Power was out at the park and local stores. Although I had no lunch (debated trying some baby food) Brynna and I had a great time. My parents used to bring me to this park as a child and it was so neat to give Brynna the same experience. Even the rock piles that we used to swim out to as kids, and try to move around (Rick and his brothers did the same thing), were still there! The water was warm and there were about 50 kids from the Lewiston Y to entertain Brynna in and out of the water.

Pre-swim picnic: Eatin' some cheerios and people watching.

That dirt pile looks mighty tempting!

Hey this isn't a cheerio!

You talkin' to me?!

Post-swim play: Proving that on rare occasions Brynna CAN share.

Unfortunately I wasn't able to take photos of B-girl swimming. She insisted that rubber ducky (one of like 10) come with her and I spent most of my time retrieving it while she giggled in her float.

a first

We knew the day would come. The first night staying out late by herself. The feeling of freedom knowing she can come back when she damn well pleases. A night of anything goes, a chance to sow her oats.

Poor Gracy got her chance the other night. We had let her out when we came home from work and completely forgot to bring her back in when we went to bed. Poor girl was waiting at the back door when I went to let Chance out in the morning. Thankfully it didn’t rain that night.

Wednesday, July 19, 2006

Hiding food 101

As I've mentioned previously, Brynna has become a somewhat finiky eater. She will actually eat just about anything but its getting her to take the first bite that can be the tough part. After the first bite is down, it's all systems go. Of course, some nights she's more interested in eating than others and becomes pickier about what she will eat on those nights. As if to apease us and make us believe she's the perfect child, she will carefully place her unwanted food on the seat next to her so that we think she has indeed eaten it all. Out of sight, out of mind I guess. If she realizes you are watching her though, she will quickly change plans and either shove the food in her mouth or offer it up for us to eat out of her gross, slimy, clenched little fists. You might think that a mixture of cheerios, applesauce, rice and chicken and kiwi would be delicious but you would be wrong. Trust me I know, its only through a deep seated love for her that I could choke something like that down. Be still my churning stomach.

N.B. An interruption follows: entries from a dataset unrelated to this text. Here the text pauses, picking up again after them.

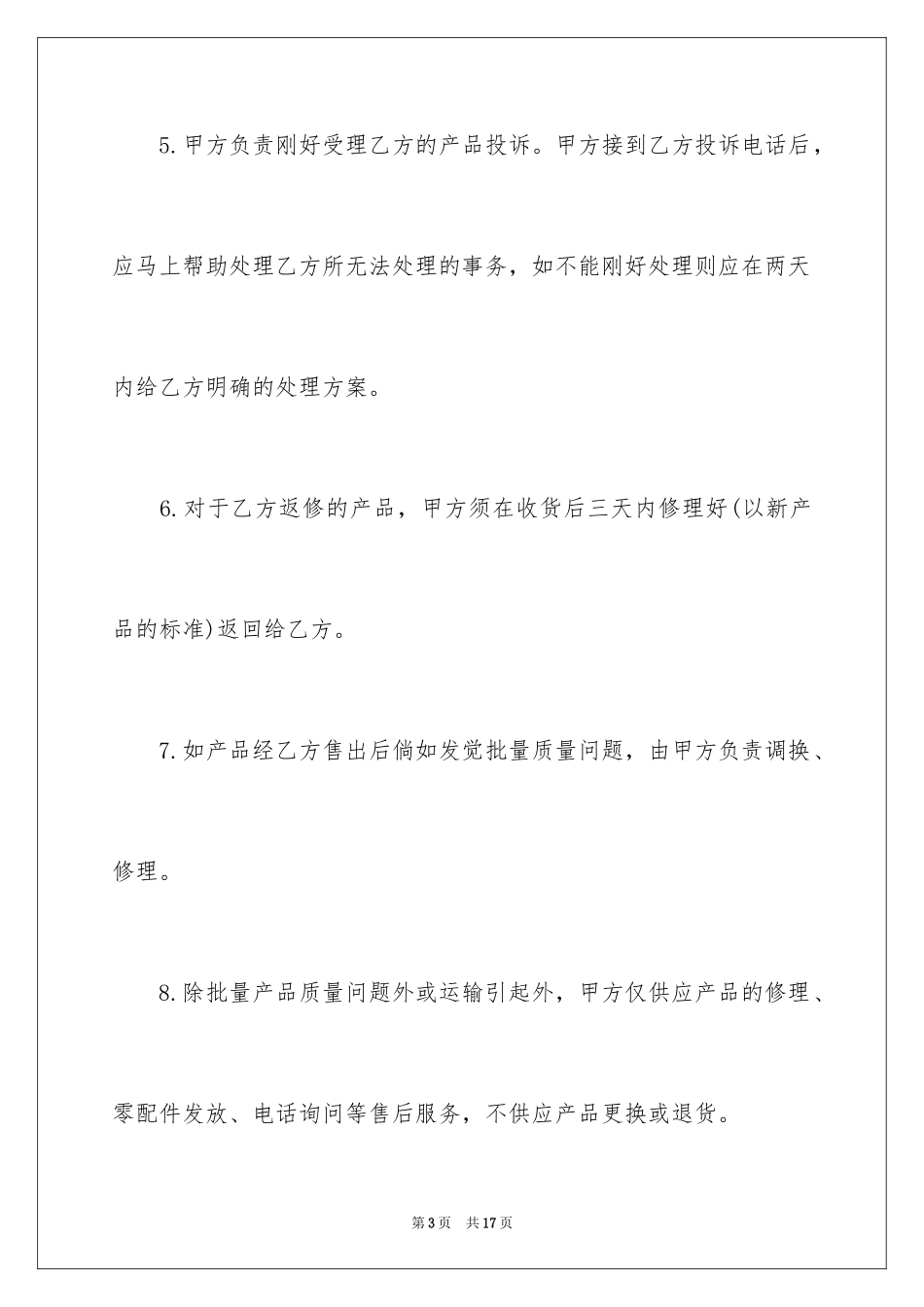 2024售后服务合同_47_第3页
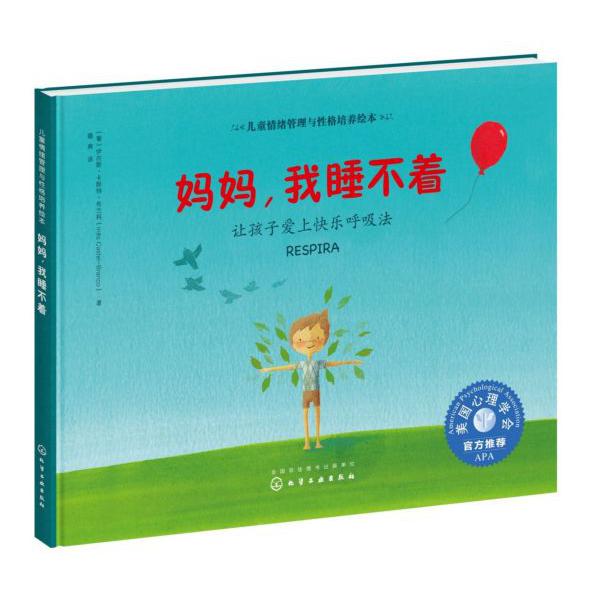 妈妈我睡不着(让孩子爱上快乐呼吸法)(精)/儿童情绪管理与性格培养绘本
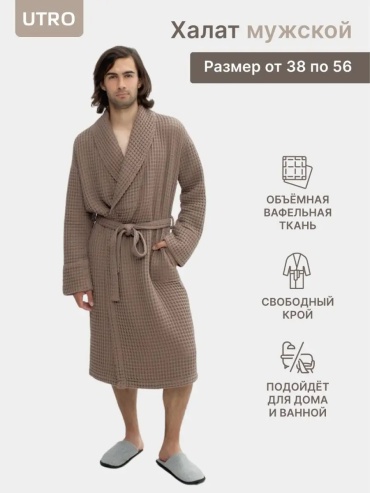 Вафельный халат коричневый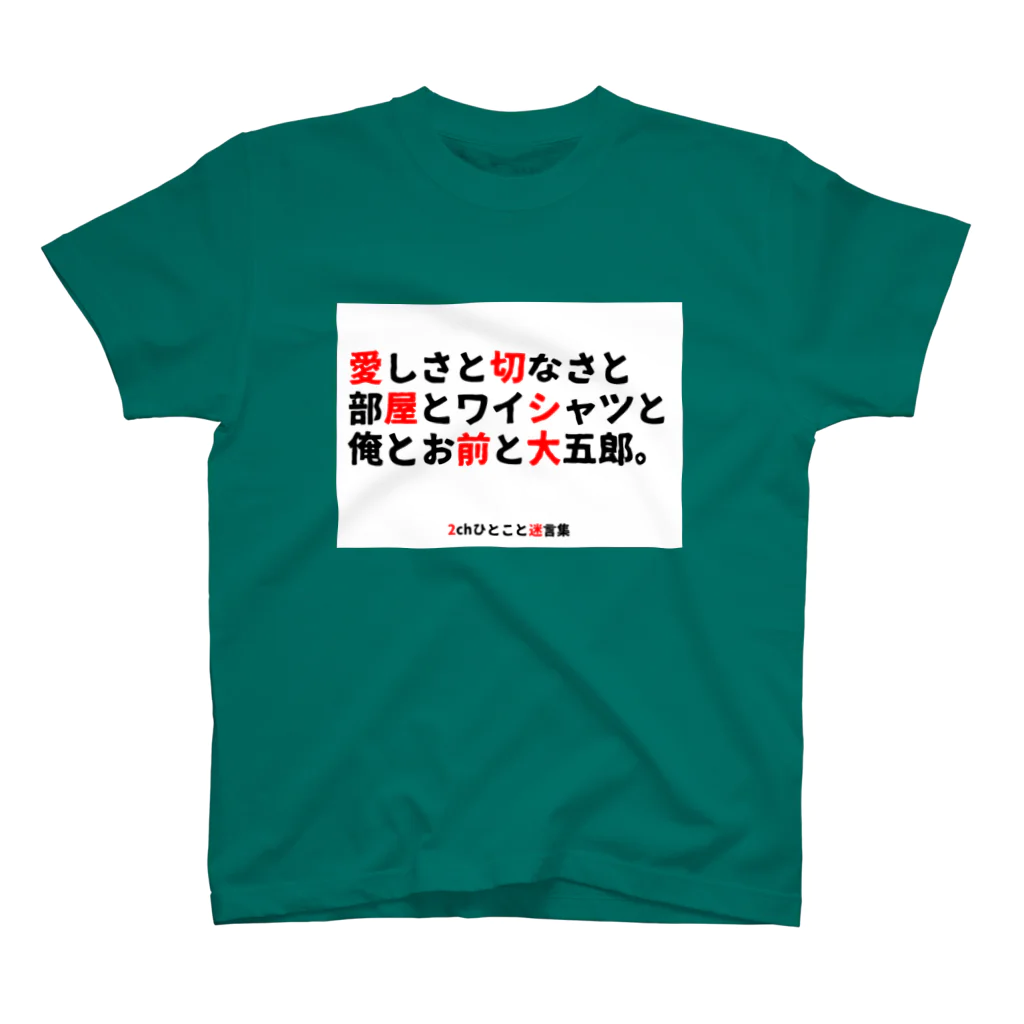 pixeraの愛しさと切なさと スタンダードTシャツ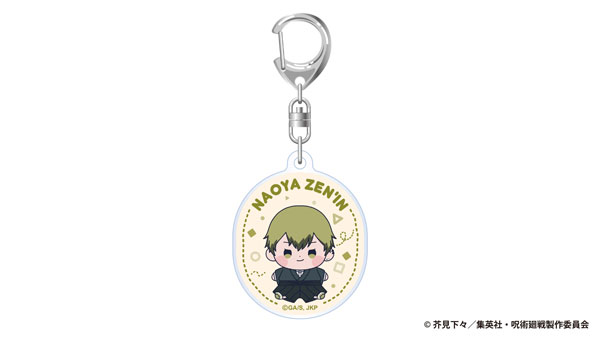 Toho Jujutsu Kaisen The Culling Game Mocchibi Acrylic Keychain Naoya Zenin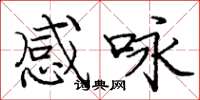 庞中华感咏楷书怎么写
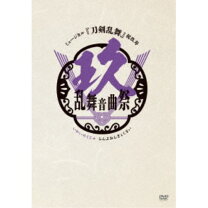 楽天市場】壽 乱舞音曲祭 初回限定盤の通販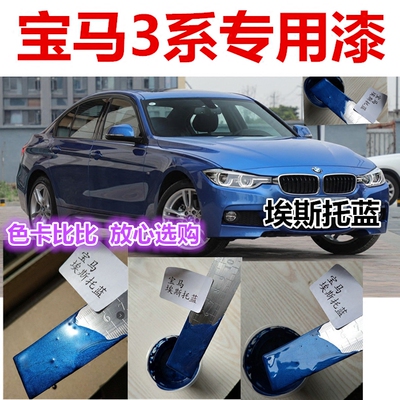 宝马3系汽车划痕修复专用自喷漆油漆补漆笔埃斯托蓝墨尔本红白色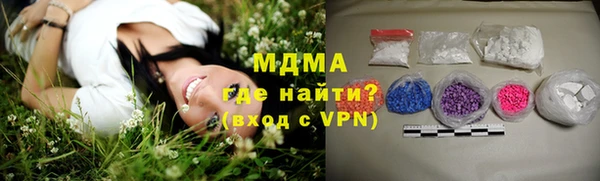 альфа пвп VHQ Липки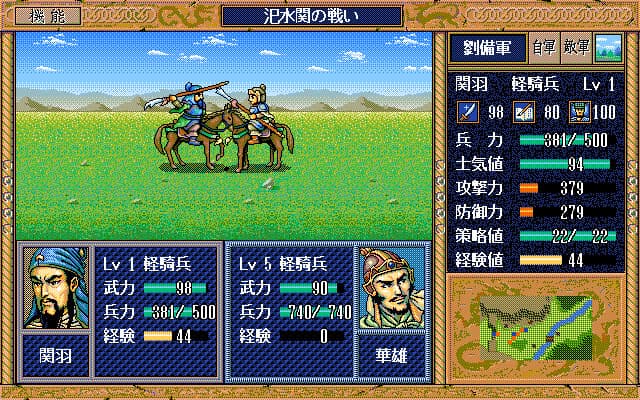 Sangokushi Eiketsuden / 三國志英傑伝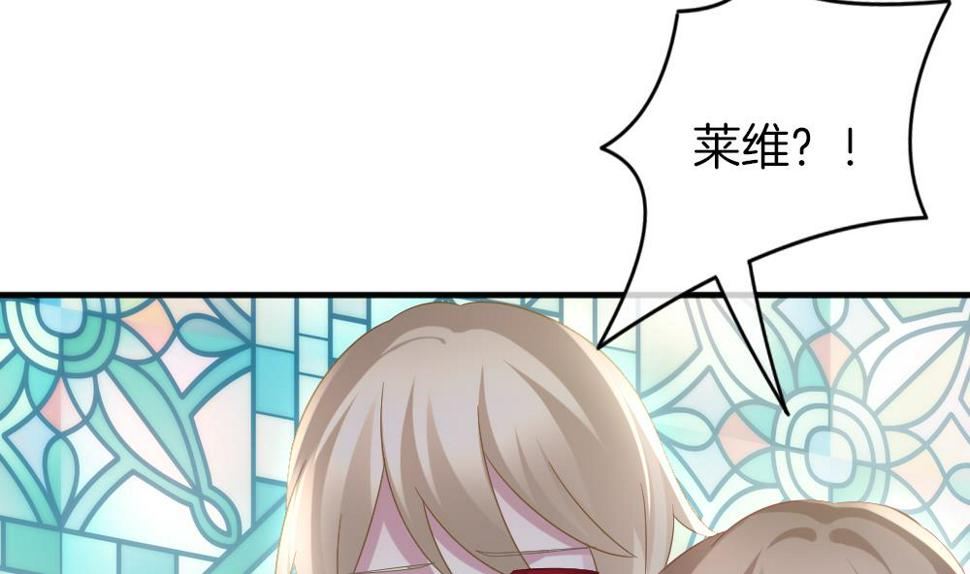 拂晓的花嫁韩漫全集-第357话 她的婚礼 13无删减无遮挡章节图片 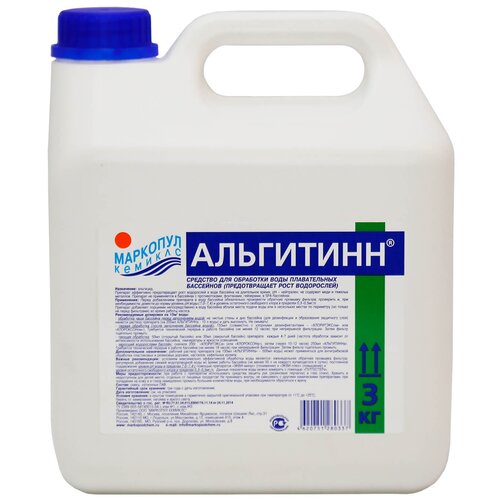 ���� �������� ��� �������� �������� ������� ���������, 3 �1, ������ �� 1430 ���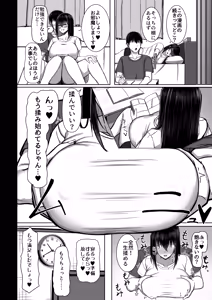 Page 10 of PURELOVE ICHALOVE DOSUKEBE ITOMAIT - preview thumbnail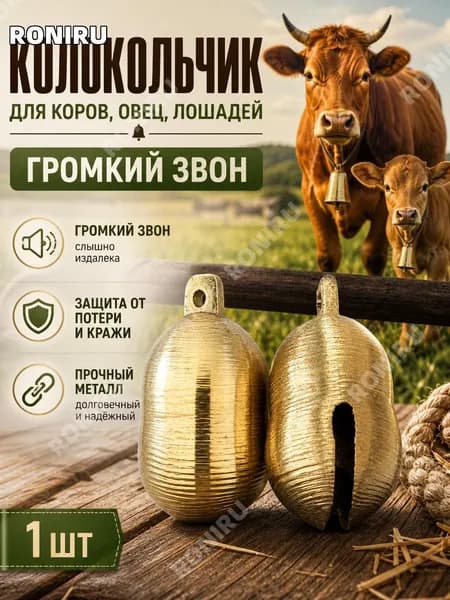 Колокольчик для коров овец лошадей, громкий звон фермерский, прочный металлический, защита от потери и кражи, 1 шт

Anyway, back to the main point, Brynna stashes her food, here is a video clip. Click HERE.

Monday, July 17, 2006

A good soak

For a woman there is nothing more luxurious than a soak in a tub with a good book. This girl learns young. For the record, she also likes one of man's favorite activities, a good poop. Nothing better I tell ya.

Over the weekend Brynna managed to stand on here own for brief periods. By accident of course because as soon as she realized what she had done, she would frantically grab back on. Durning those few second though, she had perfect balance with nary a quiver. Unfortunately for her though, with that giant bulbous melon perched on her shoulders, the slightest movement can cause a catastrophic chain of events. She may need to be fitted with a helmet soon or else we're going to have to pad the whole house. Posted by Picasa

Friday, July 14, 2006

Brynna walking

As promised (I think???), here is a short video of Brynna walking, holding on to mommy of course but with only one hand. When she uses only one hand she has a sort of John Wayne meets Frankenstein thing going but in a cute sort of way.

Wednesday, July 12, 2006


B-Girl has new teeth!  In the last week she has managed to push out three new, little, sharp as a mofo, nipple biting teeth.  This came as a great relief to me since it marks the end (hopefully) to a month plus of fitful sleep.  It’s sort of a mixed bag for Marcy though with the whole nipple biting thing.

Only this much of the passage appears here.